Since only part of the material below is wanted, output exactly the lines from the one with "bokomslag Carbon Cycling" up to and including the one with "Tricou Mi-au trebuit".

● **Data in this exercise**:
• • • • • • •
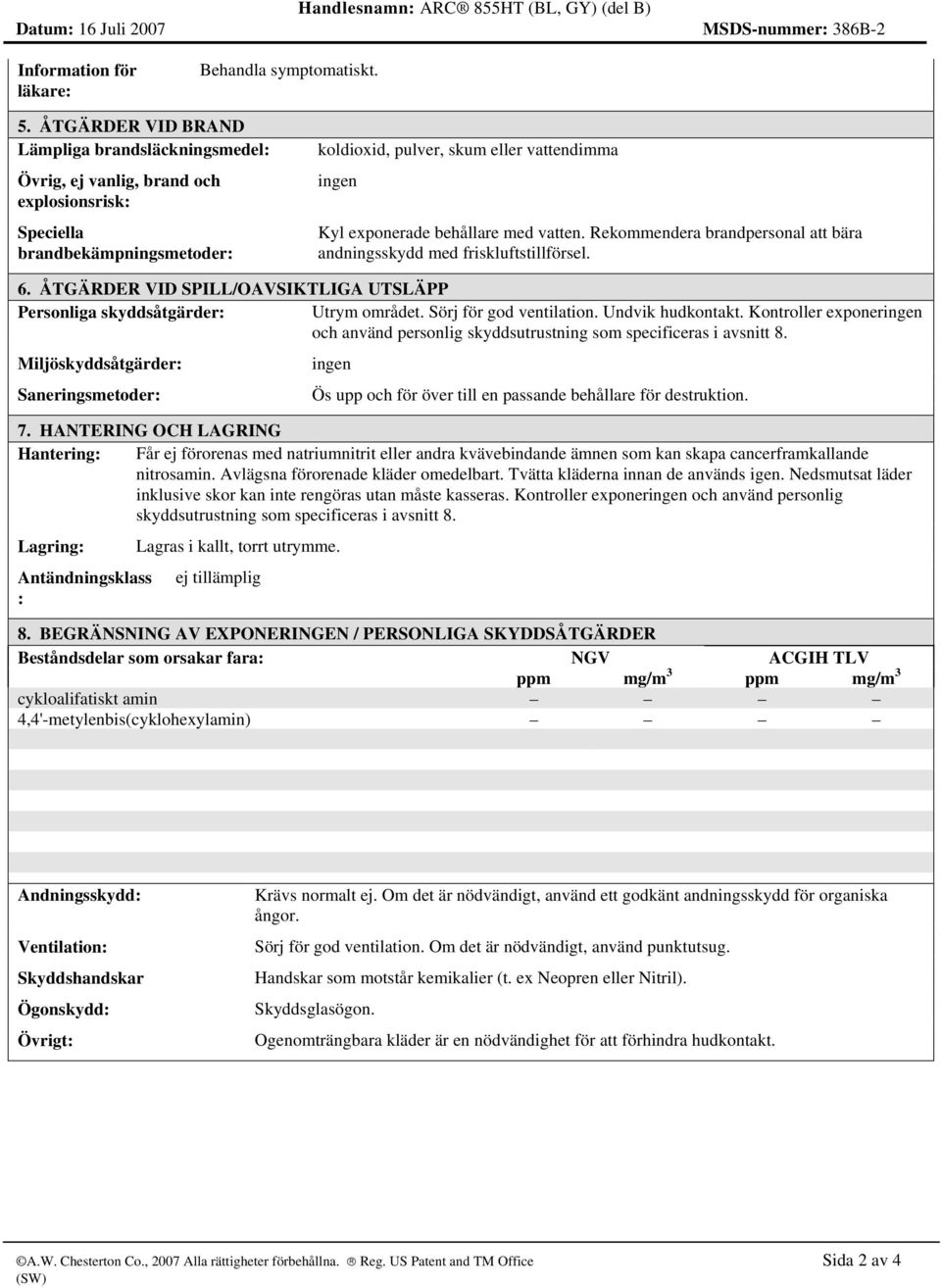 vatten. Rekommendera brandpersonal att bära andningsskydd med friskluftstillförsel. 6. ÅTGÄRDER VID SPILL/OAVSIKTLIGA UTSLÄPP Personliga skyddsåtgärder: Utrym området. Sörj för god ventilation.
• • • • • • •
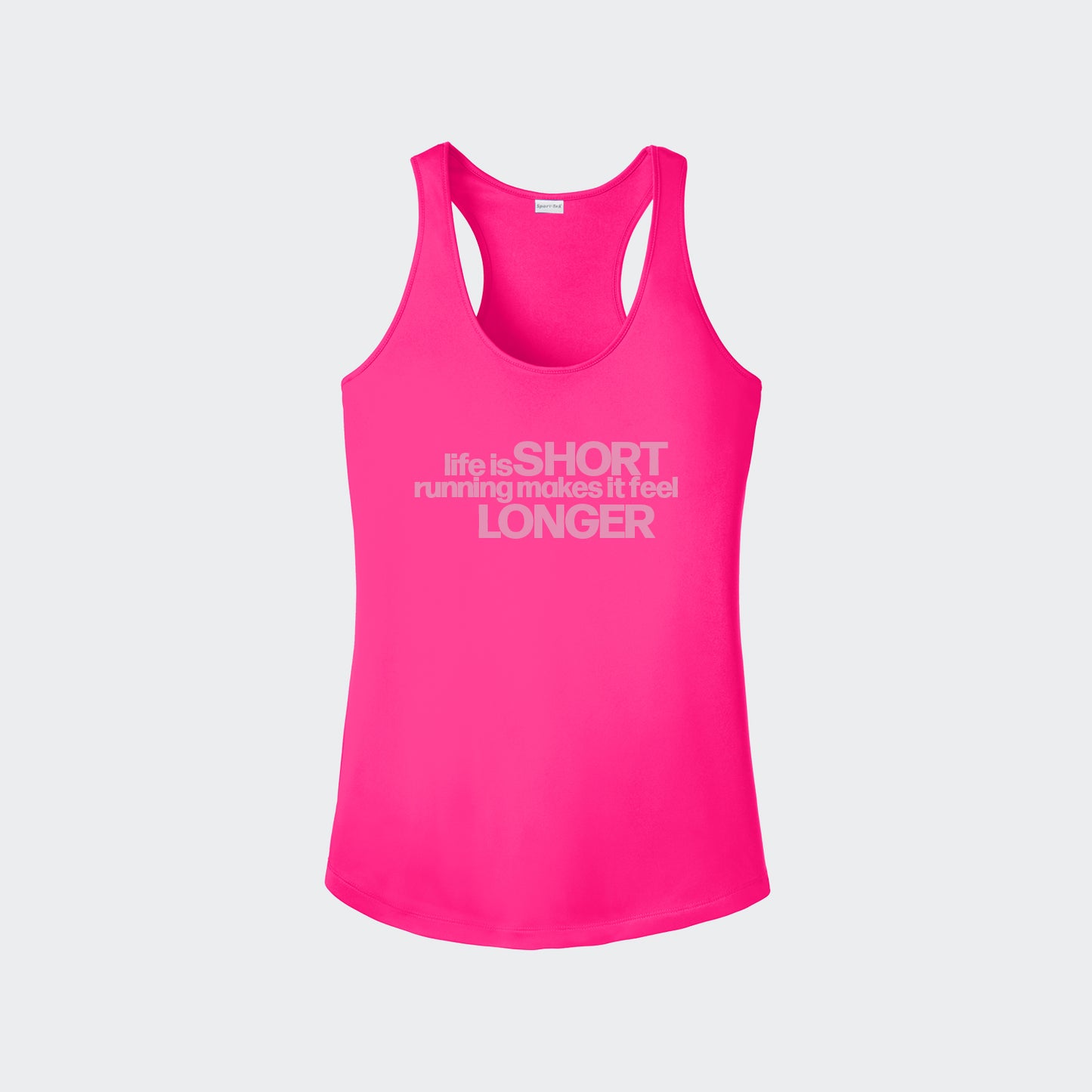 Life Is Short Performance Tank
• • • • • • •
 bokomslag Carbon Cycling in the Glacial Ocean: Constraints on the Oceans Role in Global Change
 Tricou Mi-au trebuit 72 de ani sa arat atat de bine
• • • • • • •
● **Answer**:
 bokomslag Carbon Cycling in the Glacial Ocean: Constraints on the Oceans Role in Global Change
 Tricou Mi-au trebuit 72 de ani sa arat atat de bine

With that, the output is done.